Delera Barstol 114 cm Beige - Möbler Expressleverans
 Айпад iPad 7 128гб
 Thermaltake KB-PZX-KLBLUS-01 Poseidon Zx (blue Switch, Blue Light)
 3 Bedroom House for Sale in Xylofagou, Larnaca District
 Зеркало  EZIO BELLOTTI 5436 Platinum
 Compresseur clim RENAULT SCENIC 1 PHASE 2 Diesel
§ §
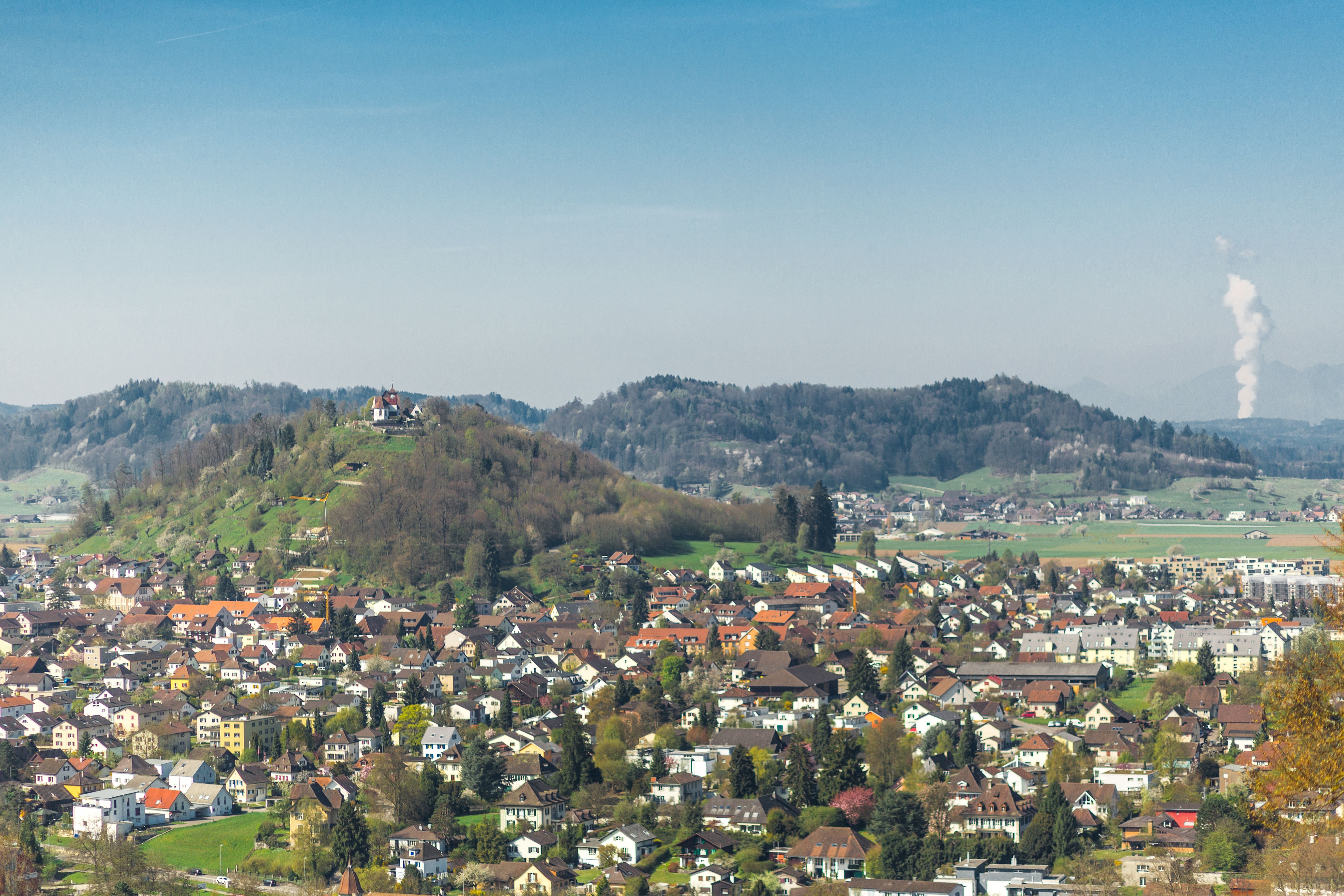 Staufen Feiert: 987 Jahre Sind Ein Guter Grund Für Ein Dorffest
§ §
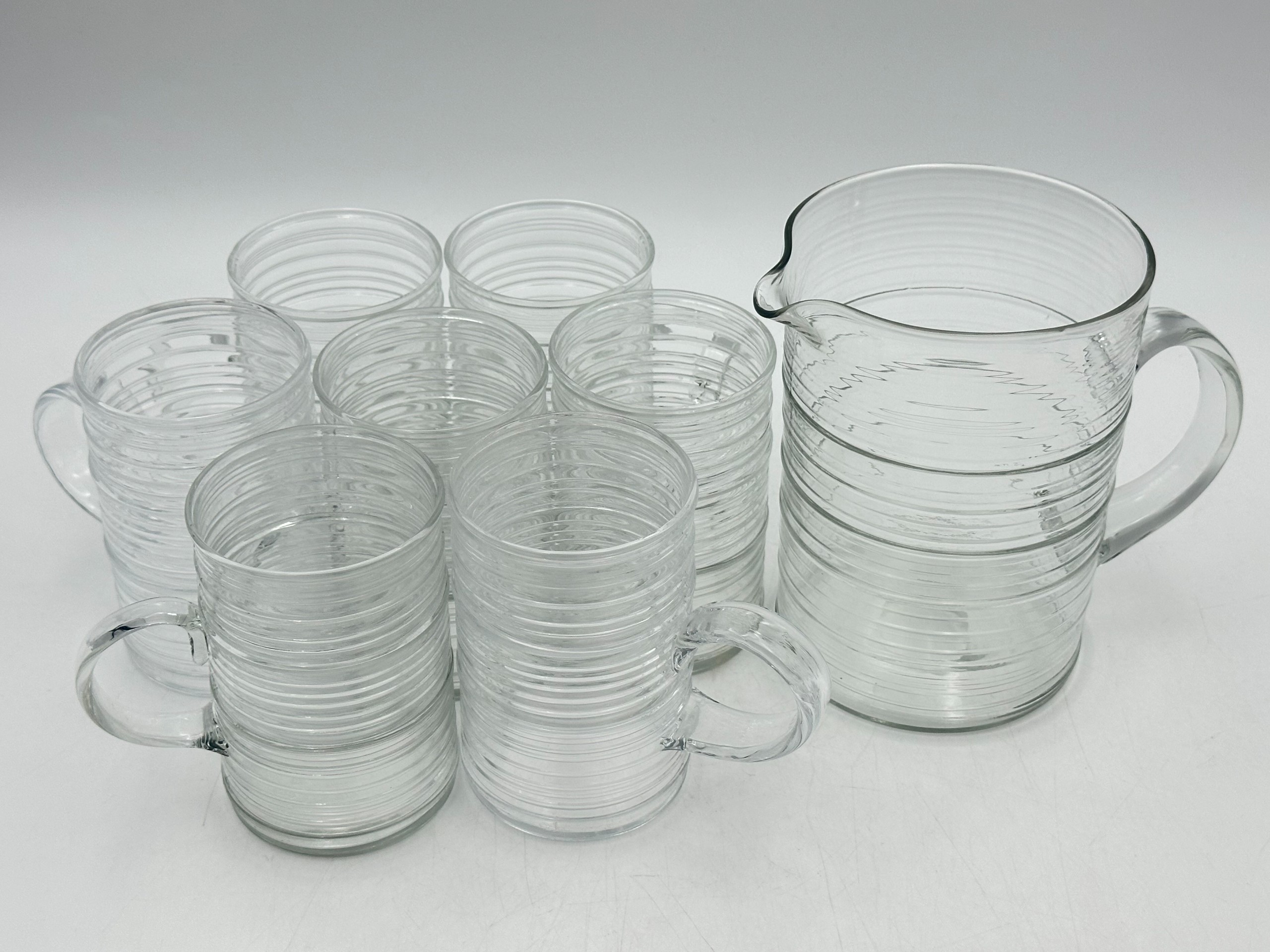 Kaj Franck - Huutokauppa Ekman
§ §
From the material above, copy exactly the lines between the line holding "BELLOTTI 5436 Platinum" and the line holding "Compresseur clim RENAULT", inclusive, and only those.

→ ANSWER SECTION
 Зеркало  EZIO BELLOTTI 5436 Platinum
 Compresseur clim RENAULT SCENIC 1 PHASE 2 Diesel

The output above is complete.